WHAT YOU HAVE TO DO >> For this exercise, copy the records below exactly and exclude every image.

DATA SUPPLIED >>
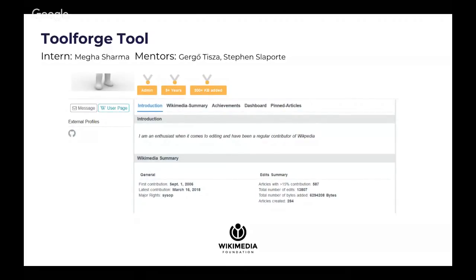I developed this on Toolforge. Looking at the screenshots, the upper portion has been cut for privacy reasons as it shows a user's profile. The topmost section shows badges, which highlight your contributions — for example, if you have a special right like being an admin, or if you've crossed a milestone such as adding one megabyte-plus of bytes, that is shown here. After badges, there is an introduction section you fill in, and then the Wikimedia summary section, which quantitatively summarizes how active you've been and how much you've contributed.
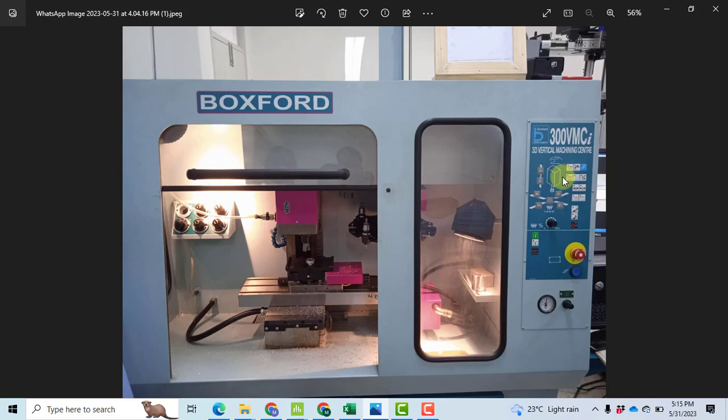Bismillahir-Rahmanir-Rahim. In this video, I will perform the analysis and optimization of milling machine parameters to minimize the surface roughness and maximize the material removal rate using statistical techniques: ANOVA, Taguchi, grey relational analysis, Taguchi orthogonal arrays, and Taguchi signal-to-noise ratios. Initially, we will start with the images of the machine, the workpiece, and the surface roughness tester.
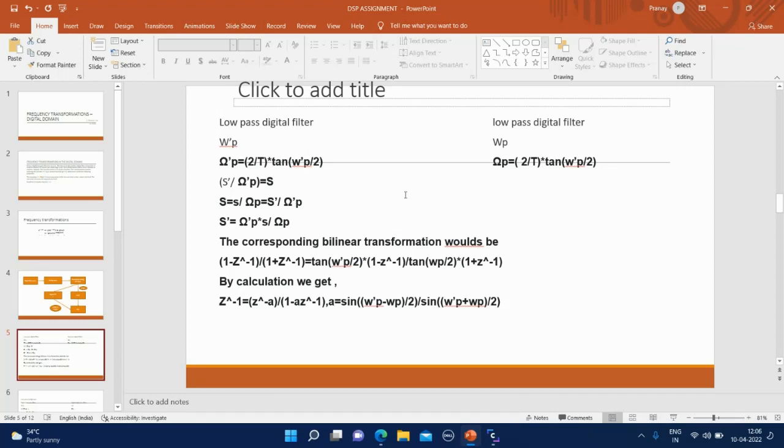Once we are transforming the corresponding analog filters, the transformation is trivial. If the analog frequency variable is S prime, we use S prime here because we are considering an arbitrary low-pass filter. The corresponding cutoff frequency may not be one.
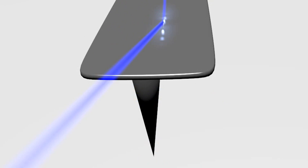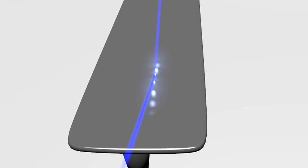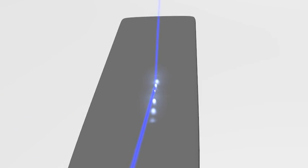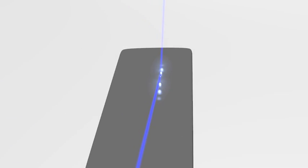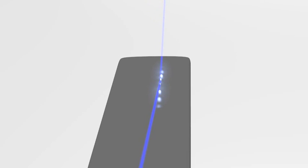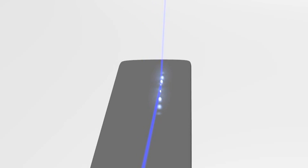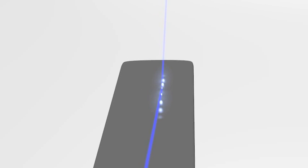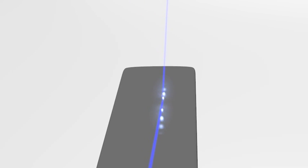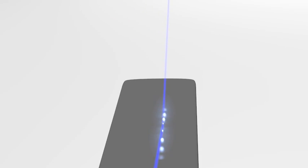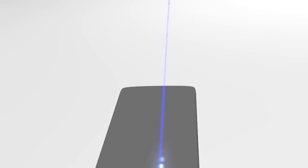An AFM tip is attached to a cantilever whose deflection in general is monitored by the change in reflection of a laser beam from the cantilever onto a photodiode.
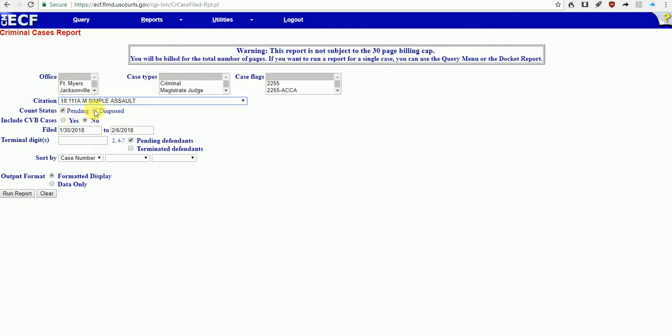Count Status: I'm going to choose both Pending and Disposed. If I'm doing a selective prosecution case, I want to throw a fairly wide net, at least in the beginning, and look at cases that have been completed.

WRITTEN RESPONSE >>
I developed this on Toolforge. Looking at the screenshots, the upper portion has been cut for privacy reasons as it shows a user's profile. The topmost section shows badges, which highlight your contributions — for example, if you have a special right like being an admin, or if you've crossed a milestone such as adding one megabyte-plus of bytes, that is shown here. After badges, there is an introduction section you fill in, and then the Wikimedia summary section, which quantitatively summarizes how active you've been and how much you've contributed.
Bismillahir-Rahmanir-Rahim. In this video, I will perform the analysis and optimization of milling machine parameters to minimize the surface roughness and maximize the material removal rate using statistical techniques: ANOVA, Taguchi, grey relational analysis, Taguchi orthogonal arrays, and Taguchi signal-to-noise ratios. Initially, we will start with the images of the machine, the workpiece, and the surface roughness tester.
Once we are transforming the corresponding analog filters, the transformation is trivial. If the analog frequency variable is S prime, we use S prime here because we are considering an arbitrary low-pass filter. The corresponding cutoff frequency may not be one.
An AFM tip is attached to a cantilever whose deflection in general is monitored by the change in reflection of a laser beam from the cantilever onto a photodiode.
Count Status: I'm going to choose both Pending and Disposed. If I'm doing a selective prosecution case, I want to throw a fairly wide net, at least in the beginning, and look at cases that have been completed.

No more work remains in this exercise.